John Dewey, con el Funcionalismo, entendió a la vida mental y la conducta como adaptación activa personal, y no como una confrontación con un medio de la que no se pueden asegurar sus resultados. Complementariamente, la resiliencia es la capacidad del ser humano para sobreponerse con el mayor equilibrio emocional posible, e incluso salir fortalecido, ante las situaciones adversas y los sentimientos negativos que provocan, estrés incluido.
“La profecía autocumplida”, según Robert Merton, es una predicción que en sí misma es causa de su concreción. Sostiene de tal modo que no se reacciona ante las situaciones como son sino cómo son percibidas, y qué significados se les da, adecuando así la conducta, y provocando así consecuencias en el mundo real. Ello se emparenta con los “prejuicios cognitivos”, que son aquellas conductas inconscientes que nos condicionan al analizar lo real.

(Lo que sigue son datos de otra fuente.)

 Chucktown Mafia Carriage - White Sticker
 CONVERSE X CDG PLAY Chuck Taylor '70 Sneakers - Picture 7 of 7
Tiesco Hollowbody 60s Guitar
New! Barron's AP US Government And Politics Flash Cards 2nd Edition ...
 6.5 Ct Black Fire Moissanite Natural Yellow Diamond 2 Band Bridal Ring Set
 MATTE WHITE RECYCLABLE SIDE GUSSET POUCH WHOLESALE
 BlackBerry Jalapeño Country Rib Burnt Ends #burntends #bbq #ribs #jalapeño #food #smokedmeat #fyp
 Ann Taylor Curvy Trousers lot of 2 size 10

En “El arte de amargarse la vida”, Paul Watzlawick describe con sarcasmo que somos nosotros mismos los autores de nuestras propias desdichas, y conseguirlas requiere dedicación, pericia y cierto talento. Para ese fin propone: Añorar nuestro pasado como aquel paraíso perdido definitivamente. Autosugestionarnos, creando situaciones negativas. Evitar lo temido en pro de garantizar su permanencia. Ejercitar la “profecía autocumplida” buscando atraer justo aquello que se pretende evitar. Alimentar ideas negativas que crearán su propia realidad. Watzlawick proponía esto sabiendo que aplicando el mismo esfuerzo se puede conseguir exactamente lo contrario.
Ingmar Bergman, en “El séptimo sello”, con ironía, en una recordada escena hace decir al caballero protagonista de la historia: “Duermo tranquilo porque mi peor enemigo vela por mí”. Se refería, claro, a uno mismo.

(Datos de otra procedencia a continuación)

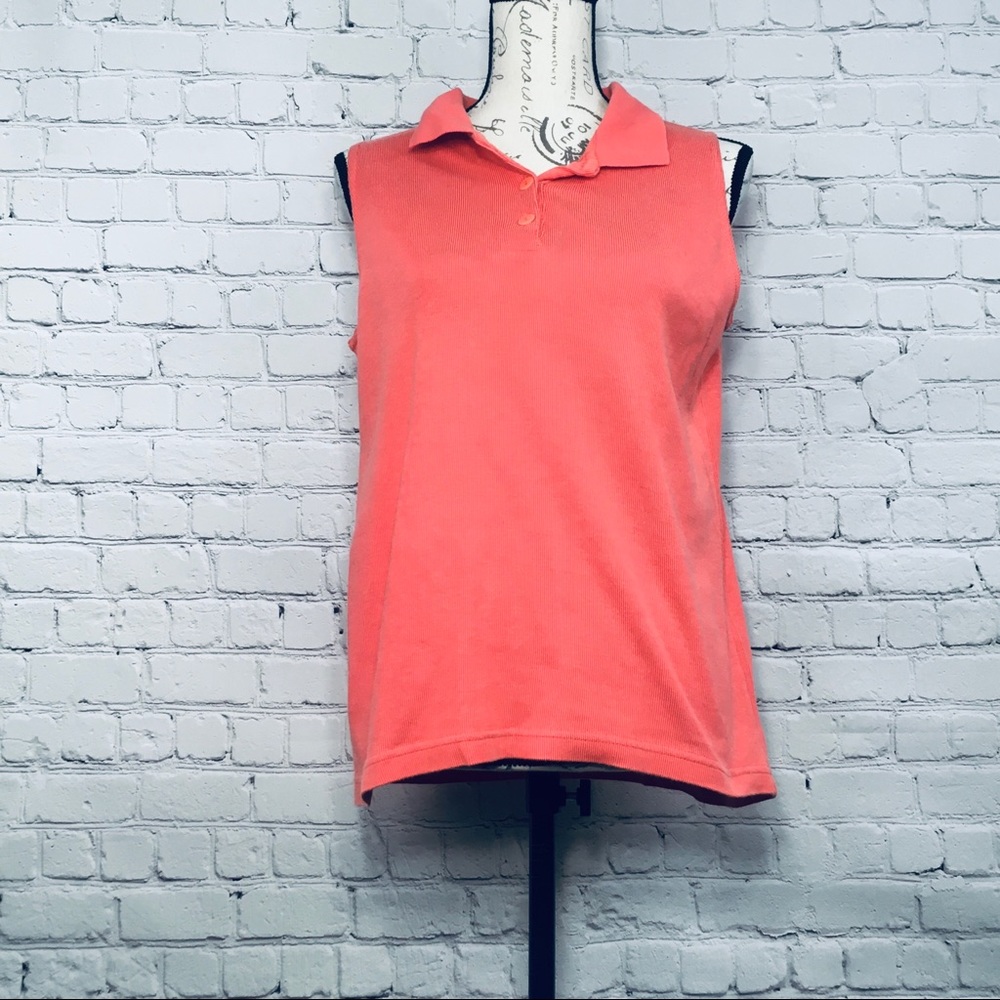 Jason Maxwell polo T-shirt peach Orange Size Small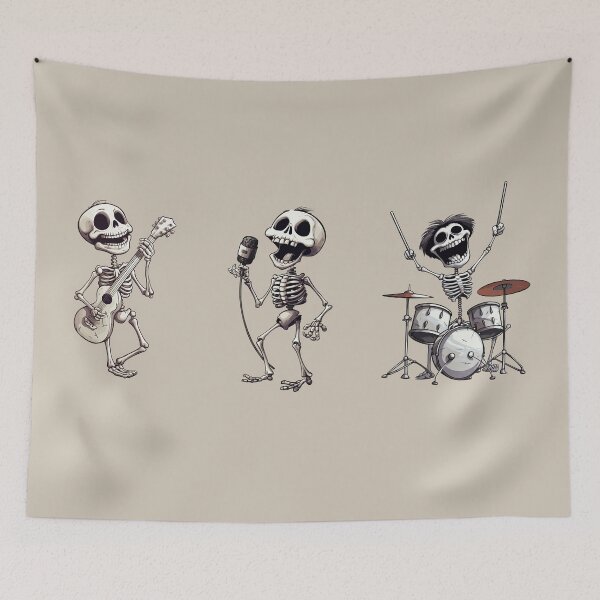 Item preview, Funny skeleton band halloween decoration designed and sold by CroesCreations.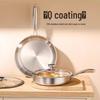 Zhishi 30CM 304 Stainless Steel Non-Stick Frying Pan with Lid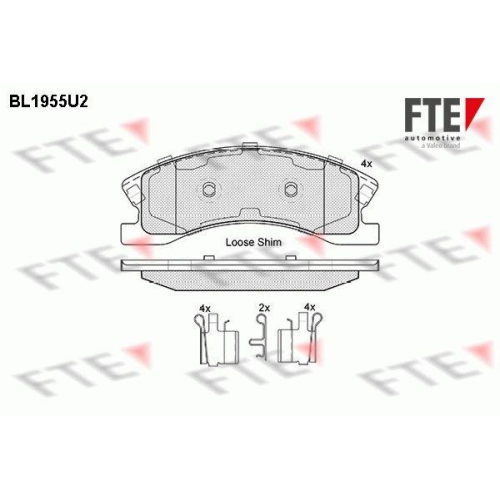 FTE Bremsbelagsatz, Scheibenbremse 9010542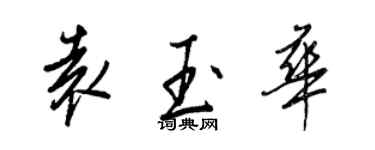 王正良袁玉华行书个性签名怎么写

Se atribuye al budismo la frase que señala que en la vida de las personas el dolor será inevitable, pero que el sufrimiento es una opción. Algo que puede elegirse. Como todas aquellas elecciones de fondo para cada vida.
No es posible acceder a la felicidad sin la esperanza de poder hallarla. Como sea, no existe una fórmula infalible ni ningún elixir para alcanzarla. En todo caso será una trabajosa tarea que hará que mientras se realiza se bordee una placidez espiritual, aunque efímera. Por el contrario, hacerse infeliz, o sentirse así, aún sin llegar al extremo de la anhedonia, parece un camino de fácil acceso y habitual recorrido, a la mano de cualquiera que se lo proponga.
Yendo al punto de lo tangible, aquel de la praxis política en relación con la felicidad, recordemos que la Declaración de la Independencia de los Estados Unidos, allá por 1776, incluía lo siguiente: “Sostenemos por sí mismas como evidentes estas verdades: que todos los hombres son creados iguales; que son dotados por su Creador de ciertos derechos inalienables; que entre éstos están la vida, la libertad y la búsqueda de la felicidad; que para garantizar estos derechos se instituyen entre los hombres los gobiernos, que derivan sus poderes legítimos del consentimiento de los gobernados; que cuando quiera que una forma de gobierno se haga destructora de estos principios, el pueblo tiene el derecho a reformarla o abolirla e instituir un nuevo gobierno que se funde en dichos principios, y a organizar sus poderes en la forma que a su juicio ofrecerá las mayores probabilidades de alcanzar su seguridad y felicidad”. Quede claro que, por las dudas, se apurarían en aclarar que el Estado no puede garantizarla, sino tan sólo su búsqueda. No fuera cuestión de que algún ciudadano tuviera bases para reclamar algo.
Falacias, sofismas, falsas promesas. Recursos habituales de un aprendizaje básico para ser político. Que ni la consecución de los medios para ser felices nos ofrecen realmente. Salvo ahora, en estos momentos, cuando cada candidato está (y seguirá hasta octubre) en campaña.